Higher-dimensional regular Reissner-Nordstr\"{o}m black holes associated with linear electrodynamics

TL;DR

This paper derives higher-dimensional regular Reissner-Nordström black hole solutions using noncommutative geometry and linear electrodynamics, revealing stability constraints that limit such black holes to four dimensions.

Contribution

It introduces a novel approach to construct regular higher-dimensional charged black holes via noncommutative geometry and analyzes stability restrictions related to charge-to-mass ratios.

Findings

Regular higher-dimensional Reissner-Nordström solutions obtained.

Interior structure linked to exterior charge-to-mass ratio.

Stable noncommutative black holes only in four dimensions.

Abstract

Following the interpretation of matter source that the energy-momentum tensor of anisotropic fluid can be dealt with effectively as the energy-momentum tensor of perfect fluid plus linear (Maxwell) electromagnetic field, we obtain the regular higher-dimensional Reissner-Nordstr\"{o}m (Tangherlini-RN) solution by starting with the noncommutative geometry inspired Schwarzschild solution.

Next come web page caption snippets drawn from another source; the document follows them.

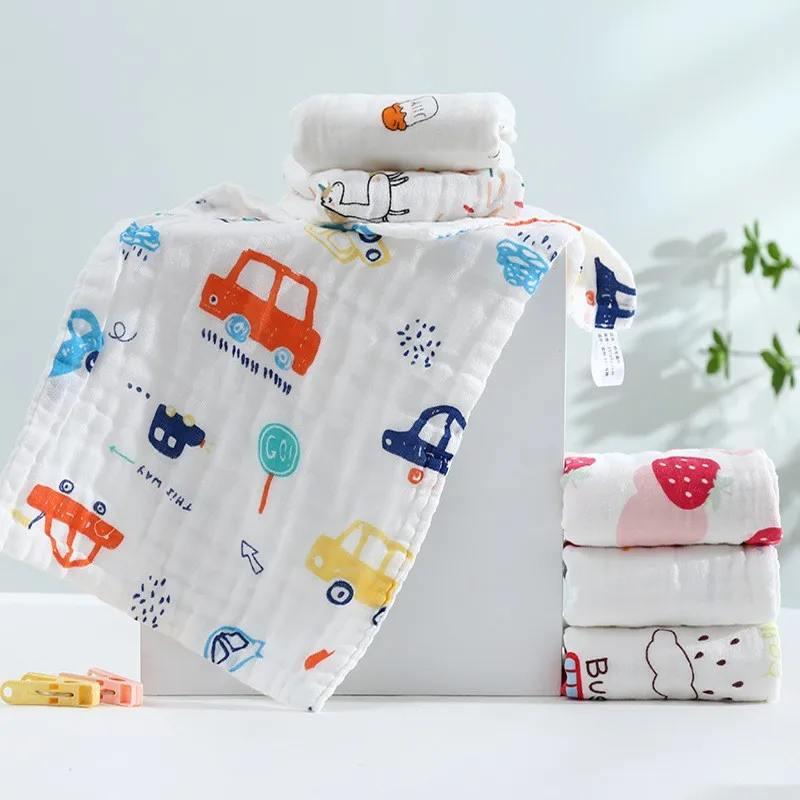 1PC Kids Towel 50 * 25cm Six Layer Gauze Cotton Face Wash Waby Towel Baby Newborn High-Density Fashion Cartoon Handkerchief New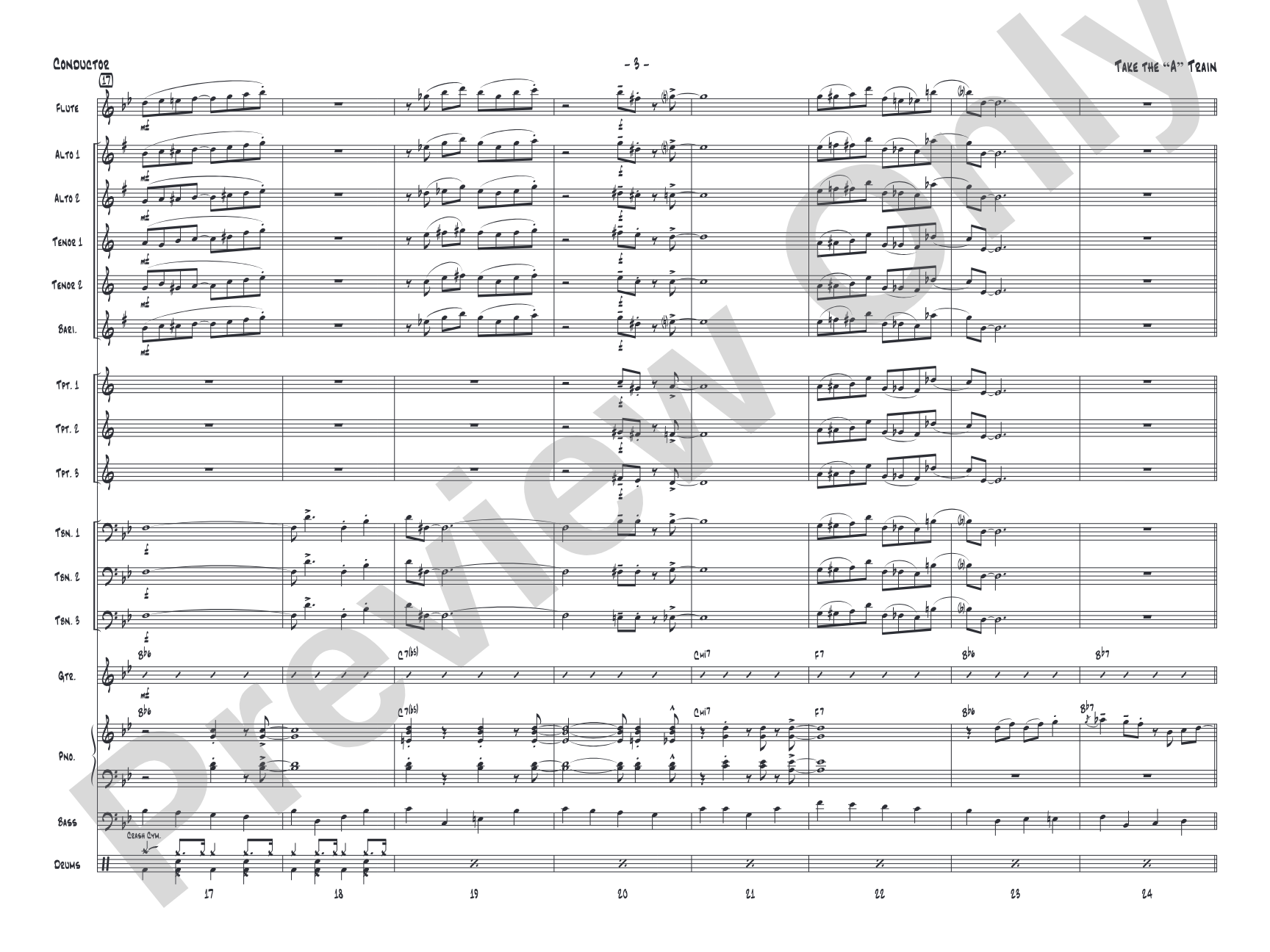 Take the "A" Train: Jazz Ensemble Conductor Score & Parts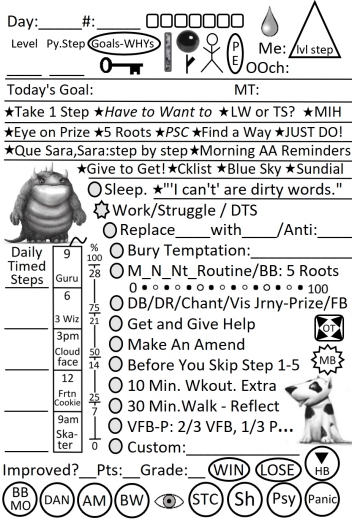 Addiction daily log page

Using the boundary conditions that connect the noncommutative Schwarzschild solution in the interior of the charged perfect fluid sphere to the Tangherlini-RN solution in the exterior of the sphere, we find that the interior structure can be reflected by the exterior parameter, the charge-to-mass ratio. Moreover, we investigate the stability of the boundary under mass perturbation and indicate that the new interpretation imposes a rigid restriction upon the charge-to-mass ratio. This restriction, in turn, permits a stable noncommutative black hole only in the 4-dimensional spacetime.